__Exercise brief__
Word for word, restate the line containing "גורים בריטי גזעי" and all the lines that come after it in the entries below. Include nothing from before it.

__Provided records__
===============

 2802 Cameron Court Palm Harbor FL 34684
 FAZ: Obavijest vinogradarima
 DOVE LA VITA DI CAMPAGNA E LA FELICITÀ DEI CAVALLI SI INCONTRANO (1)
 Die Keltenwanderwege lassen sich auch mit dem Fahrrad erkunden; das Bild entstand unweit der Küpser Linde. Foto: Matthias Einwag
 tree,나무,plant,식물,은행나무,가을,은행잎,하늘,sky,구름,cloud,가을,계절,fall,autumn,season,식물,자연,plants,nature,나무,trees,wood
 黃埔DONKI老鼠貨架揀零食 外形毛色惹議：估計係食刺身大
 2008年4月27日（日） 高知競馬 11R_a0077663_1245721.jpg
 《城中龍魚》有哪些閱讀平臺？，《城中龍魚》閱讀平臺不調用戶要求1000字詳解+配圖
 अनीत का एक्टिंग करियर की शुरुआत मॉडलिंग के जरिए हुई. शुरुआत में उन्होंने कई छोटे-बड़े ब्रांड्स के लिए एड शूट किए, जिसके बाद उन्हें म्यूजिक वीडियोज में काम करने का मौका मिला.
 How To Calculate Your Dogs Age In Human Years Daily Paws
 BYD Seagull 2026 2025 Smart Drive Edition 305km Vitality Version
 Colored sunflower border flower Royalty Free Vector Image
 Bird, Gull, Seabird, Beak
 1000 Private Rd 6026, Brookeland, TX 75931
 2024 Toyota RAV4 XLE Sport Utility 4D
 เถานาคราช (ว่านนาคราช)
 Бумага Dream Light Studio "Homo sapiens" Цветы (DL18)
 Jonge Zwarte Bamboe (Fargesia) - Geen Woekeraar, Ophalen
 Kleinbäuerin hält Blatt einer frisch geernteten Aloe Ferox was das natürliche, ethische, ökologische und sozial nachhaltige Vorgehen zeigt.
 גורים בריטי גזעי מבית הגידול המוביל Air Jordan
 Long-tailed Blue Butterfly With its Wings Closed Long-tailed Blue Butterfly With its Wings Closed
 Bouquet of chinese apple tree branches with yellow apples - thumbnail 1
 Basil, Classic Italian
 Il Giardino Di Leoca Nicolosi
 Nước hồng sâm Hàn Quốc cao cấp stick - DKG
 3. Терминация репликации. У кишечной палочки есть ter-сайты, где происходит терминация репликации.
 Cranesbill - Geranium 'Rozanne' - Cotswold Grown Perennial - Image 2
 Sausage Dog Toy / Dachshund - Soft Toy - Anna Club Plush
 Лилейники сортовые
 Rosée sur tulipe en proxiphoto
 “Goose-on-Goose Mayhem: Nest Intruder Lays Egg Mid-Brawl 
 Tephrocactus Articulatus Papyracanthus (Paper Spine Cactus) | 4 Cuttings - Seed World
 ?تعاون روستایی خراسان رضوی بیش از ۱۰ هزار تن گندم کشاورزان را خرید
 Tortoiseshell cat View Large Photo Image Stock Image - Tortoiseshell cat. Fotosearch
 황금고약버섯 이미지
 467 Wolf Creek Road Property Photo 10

===============

__Solution to this problem__
 גורים בריטי גזעי מבית הגידול המוביל Air Jordan
 Long-tailed Blue Butterfly With its Wings Closed Long-tailed Blue Butterfly With its Wings Closed
 Bouquet of chinese apple tree branches with yellow apples - thumbnail 1
 Basil, Classic Italian
 Il Giardino Di Leoca Nicolosi
 Nước hồng sâm Hàn Quốc cao cấp stick - DKG
 3. Терминация репликации. У кишечной палочки есть ter-сайты, где происходит терминация репликации.
 Cranesbill - Geranium 'Rozanne' - Cotswold Grown Perennial - Image 2
 Sausage Dog Toy / Dachshund - Soft Toy - Anna Club Plush
 Лилейники сортовые
 Rosée sur tulipe en proxiphoto
 “Goose-on-Goose Mayhem: Nest Intruder Lays Egg Mid-Brawl 
 Tephrocactus Articulatus Papyracanthus (Paper Spine Cactus) | 4 Cuttings - Seed World
 ?تعاون روستایی خراسان رضوی بیش از ۱۰ هزار تن گندم کشاورزان را خرید
 Tortoiseshell cat View Large Photo Image Stock Image - Tortoiseshell cat. Fotosearch
 황금고약버섯 이미지
 467 Wolf Creek Road Property Photo 10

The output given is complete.